The fiction writer’s brain gets good at coming up with ‘what ifs’. That’s great for story creation, but difficult to switch off, which makes it hard work if you’re a bit neurotic. So, in the end, I wrote about my problem again. Just a tweet this time, because there’s only so much online gibbering I can do and still live with myself. Here it is:

I used hashtags #acwri (academic writing) and #tabit (there’s a blog in that). Some time later, Tseen Khoo (@tseenster) tweeted back to call my bluff on the #tabit, and here I am.

Oddly enough, simply writing those 10 words on Twitter helped again. There is something very powerful, for me, about naming a problem. It often goes a long way towards a solution. In this case, it achieved a weird kind of trick that psychologists would probably understand, somehow separating the emotional difficulty from the physical process of finishing. Slowly, I began to rev up again, and finished in my usual end-of-book frenzy, ignoring emails and phone messages, reluctant to eat or sleep, as I pounded towards the tape.

I think the idea of a finishing line, or point, contributes to the difficulty with ending because a book is never, ever, finished. It’s just done. They’re not the same.

‘Finished’ has connotations of completeness and perfection: “she finished it off with a smooth finish.” Yet no book is ever perfect or complete. Some short poems could be viewed as perfect, but anything longer than a couple of dozen words starts to create room for debate, which can be great fun if you like that sort of thing but effectively precludes perfection. As for complete…well, my book could never be complete because it addresses the fast-moving and ever-expanding field of creative research methods. In theory, the book could have been complete at the time of writing, but it would need to have been several hundred thousand words long, which wasn’t feasible from anyone’s point of view.
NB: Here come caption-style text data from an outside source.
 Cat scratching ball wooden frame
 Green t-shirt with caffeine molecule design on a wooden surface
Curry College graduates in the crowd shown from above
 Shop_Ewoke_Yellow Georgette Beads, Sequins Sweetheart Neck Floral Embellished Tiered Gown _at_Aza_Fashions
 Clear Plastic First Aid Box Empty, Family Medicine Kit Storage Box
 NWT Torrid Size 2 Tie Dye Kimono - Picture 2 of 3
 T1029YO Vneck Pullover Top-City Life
When you’re writing something, you eventually have to stop. There is something of an art to knowing when a piece of work is done. Some people really struggle with this, like New Zealand author Keri Hulme, who spent 12 years working on The Bone People (which in my opinion is about as close to a perfect novel as it’s possible to get). I’m not the only one who thinks so: she won the Booker Prize for it in 1985. She hasn’t finished another book since. I suspect she’s been mortally wounded by the knife of never letting go.

One of the keys to knowing when a piece of work is done, for me, is the final read-aloud. I read the whole of my book out loud: that’s approximately 75,000 words, not including the bibliography. It’s amazing how many glitches, typos, and clunky sentences I pick up during this process, in text I have already been over many times. Also? It hurts! This stage is a real reminder that writing is not just a cerebral but also a physical process. My hunched shoulders ache with tension; my head throbs from concentration; my hands and wrists are sore from hammering the keyboard; my throat is raw, my voice hoarse, and my stomach clenched in anticipation of the finish.
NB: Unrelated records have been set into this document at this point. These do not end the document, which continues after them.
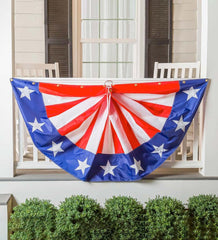 Plow &amp; Hearth Decorative Garden Accents | Yard &amp; Garden Large Half-Round Stars And Stripes Bunting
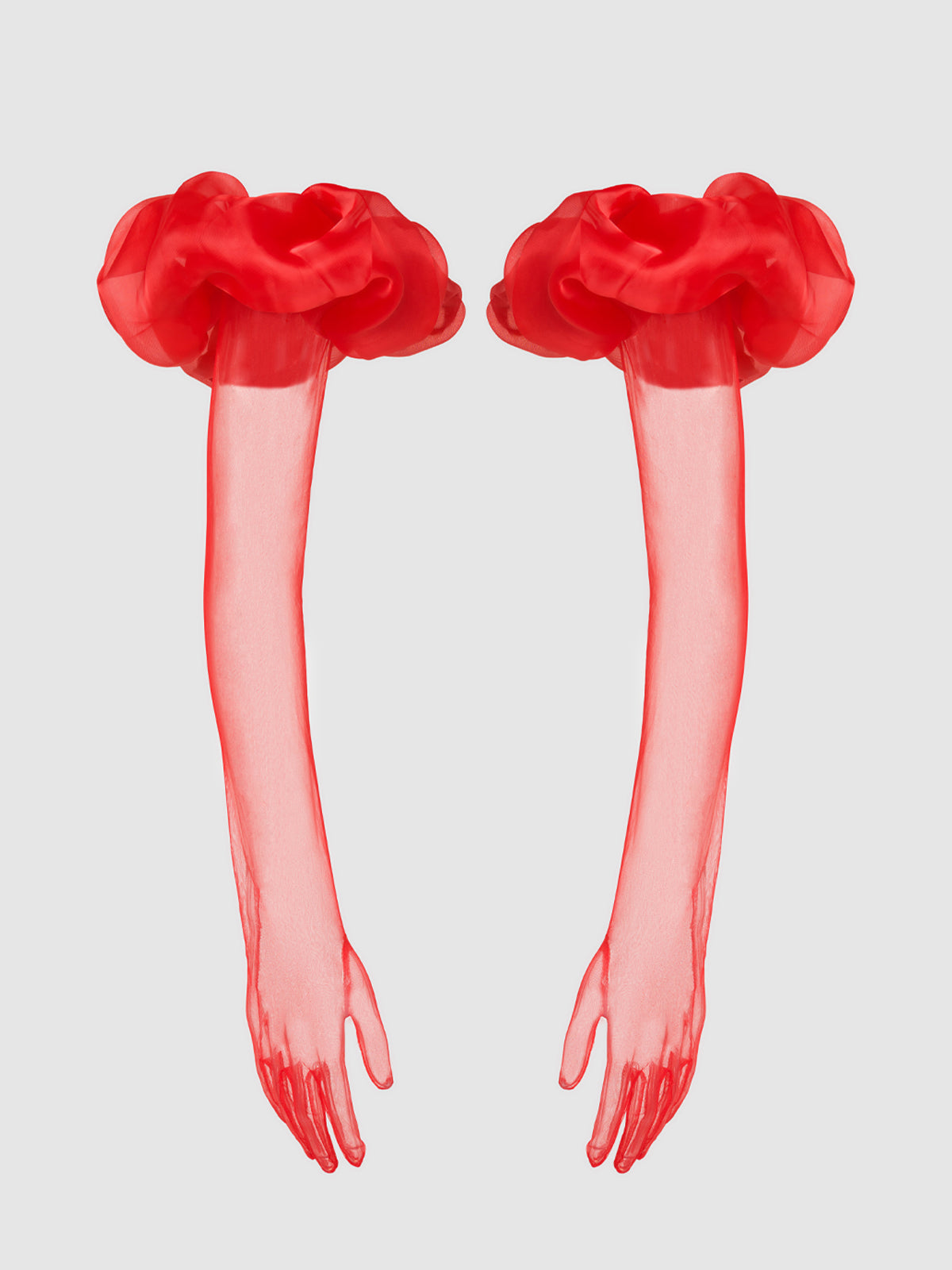 Chiffon Long Glove With Puff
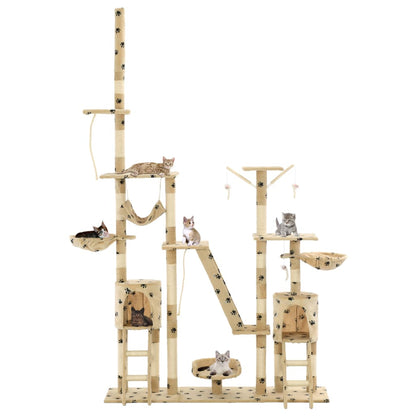 Kattmöbel Katträd med klöspelare i sisal 230-250 cm tassavtryck beige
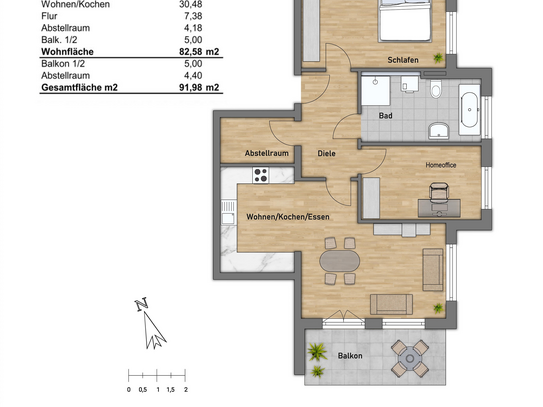 Geräumige 3-Zi.-Wohnung mit Balkon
Eventually, even though I know I could still make minor improvements, I just have to decide that the book is done.

If I don’t want to spend years and years making it almost perfect (and I don’t) then I have to settle for good enough. After I’d emailed the typescript to the publisher, I was still thinking of more tweaks… it can be truly hard to stop. But I know it takes a team to make a book, and I need to let others work on it now. I’ve already had very helpful input from other people at earlier stages – my commissioning editor, proposal reviewers, and first draft typescript reviewers – and now the copy editor, the production team, and the indexer have to have a chance to do their parts, too.

Also, if I never stopped working on the book, I could never have the wonderful launch party I’m looking forward to next spring. Now that’s a great incentive!